If the men on the Lion Hunt Dagger seem to lack protection, the same appears to be the case with the men who were interred in the graves. Breastplates made of thin sheet gold suggest that they were familiar with the concept of body-armour, but if the gold was ever fixed to leather or linen that material has long since perished.
Pieces of carved boars’ tusk were retrieved from the graves and these were almost certainly part of boars’ tusk helmets. Several examples have been unearthed on the Greek mainland and in Crete, and an especially fine example is on display at the Archaeological Museum of Heraklion. A boars’ tusk helmet is also known from the Iliad, where it is described in some detail (Iliad 10.261-265). While this may be an authentic reference to something Mycenaean, it is more likely that Homer was describing an heirloom or a helmet retrieved from a looted Mycenaean grave.

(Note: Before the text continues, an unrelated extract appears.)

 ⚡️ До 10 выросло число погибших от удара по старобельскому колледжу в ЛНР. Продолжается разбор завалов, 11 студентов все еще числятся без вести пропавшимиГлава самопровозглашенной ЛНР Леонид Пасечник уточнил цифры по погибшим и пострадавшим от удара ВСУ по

A fragmentary fresco from Akrotiri, on the island of Thera (Santorini), roughly contemporary with the Shaft Graves, provides us with further information. The miniature frieze on the north wall of the West House at Thera depicts a scene of ships arriving at a coastal settlement. There are men depicted in the water that appear to be drowing. A number of men, equipped with tower shields, long lances, and boars’ tusk helmets, with the tips of their sword scabbards peaking from behind their shields, appear to be marching inland: are they supposed to be invaders or defenders?
The Akrotiri fresco suggests that larger-scale battles did happen during this period. Other objects from the Shaft Graves also provide additional insights. From Grave IV comes the so-called Siege Rhyton, which has been restored from several fragments. We see part of a town, with many different warriors scattered about. They include naked slingers and archers, as well as a figure in a tunic equipped with what looks like a boars’ tusk helmet. Many of the archers adopt a kneeling position to steady their aim: they are like snipers on the battlefield instead of loosing their arrows in volleys.
A golden ring from one of the Shaft Graves depicts what is referred to as the “Battle of the Glen”. It depicts two swordsmen locked in mortal combat, naked apart from their kilts, just like the men on the Lion Hunt Dagger. A figure on the left is seated on the ground, perhaps exhausted from the battle. At far left we see a man equipped with spear, tower shield, and boars’ tusk helmet. Does the scene commemorate a real battle of some sort or does it depict an encounter in the life of an unknown hero? Similar scenes, which are generally not too common, are known from other objects, too, such as the so-called Combat Agate from a tomb in Pylos.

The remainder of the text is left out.